Locating missing values is important in statistical data analysis. I've previously written about how to count the number of missing values for each variable in a data set. In Base SAS, I showed how to use the MEANS or FREQ procedures to count missing values. In the SAS/IML language, I demonstrated the COUNTN and COUNTMISS functions that were introduced in SAS/IML 9.22.
But did you know that you can also use the COUNTN and COUNTMISS functions to determine the number of missing values in each observation? This can be useful in an analysis (such as regression) in which you need to delete observations that contain one or more missing value. Or it can be useful to determine observations that contain missing values for a large number of variables.
To begin, let's count missing values in the SAS DATA step by using the CMISS function.
Count missing values in the DATA step
For the SAS DATA step, there is a SAS Knowledge Base article that shows how to use the CMISS function to count missing values in observations. The following example uses an array of variables and the CMISS function to count the numbers of missing values in each observation:
/* define 6 x 3 data set; rows 2, 4, and 5 contain missing values */ data Missing; input A B C; datalines; 2 1 1 4 . . 1 3 1 . 6 1 . 1 . 3 4 2 ; data A; set Missing; array vars(3) A--C; /* contiguous vars */ numMissing = cmiss(of vars[*]); run; proc print; run;
It is the ARRAY statement that makes the CMISS function convenient. If the variables are contiguous in the data set (as in this example), you can use the double-dash notation (A -- C) to specify the variables. If your variables share a common prefix, you can use the colon wildcard character (:) to specify the variables. For other useful techniques to specify an array of variable names, see the SUGI 30 paper, "Techniques for Effectively Selecting Groups of Variables" by Stuart Pollack.

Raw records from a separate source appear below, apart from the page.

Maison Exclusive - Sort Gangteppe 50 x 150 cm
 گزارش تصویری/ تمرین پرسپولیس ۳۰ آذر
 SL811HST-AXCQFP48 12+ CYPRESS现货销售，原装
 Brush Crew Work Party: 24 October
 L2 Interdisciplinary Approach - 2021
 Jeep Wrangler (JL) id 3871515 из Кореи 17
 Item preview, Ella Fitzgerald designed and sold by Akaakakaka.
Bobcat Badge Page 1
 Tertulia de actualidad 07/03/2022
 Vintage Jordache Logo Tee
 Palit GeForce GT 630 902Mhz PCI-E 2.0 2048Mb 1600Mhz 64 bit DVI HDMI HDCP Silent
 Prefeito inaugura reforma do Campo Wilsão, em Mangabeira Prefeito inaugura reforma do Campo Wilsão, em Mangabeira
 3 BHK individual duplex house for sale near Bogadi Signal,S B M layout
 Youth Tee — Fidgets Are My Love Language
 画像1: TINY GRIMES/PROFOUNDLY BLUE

Count missing values in each row in the SAS/IML language
In one of my first blog posts, I showed how to use the SAS/IML language to remove observations with missing values. However, that post was written prior to the release of SAS/IML 9.22, so now there is an easier way that uses the COUNTMISS function. The COUNTMISS function has an optional second parameter that determines whether the function returns the total number of missing values, the number in each column, or the number in each row. The following statements define a matrix with missing values and count the number of missing values in each row:
proc iml; use Missing; read all var _NUM_ into x; close Missing; rowMiss = countmiss(x, "ROW"); /* returns 0,1,2 or 3 for each row */ print rowmiss;
The output shows that the returned value is a vector with the same number of rows as x. The vector contains the number of missing values in each row of x.
It is now easy to use the LOC function (another function that I've written about often) to find the rows that contain missing values:
/* which rows have one or more missing values? */ jdx = loc(rowMiss>0); print jdx;
Similarly, it is easy to extract the subset of rows that contain no missing values:
idx = loc(rowMiss=0); x = x[idx,]; /* delete rows that contain a missing value */
The x data matrix is the listwise deletion of the original data. You can now use the x matrix in statistical data analysis in PROC IML.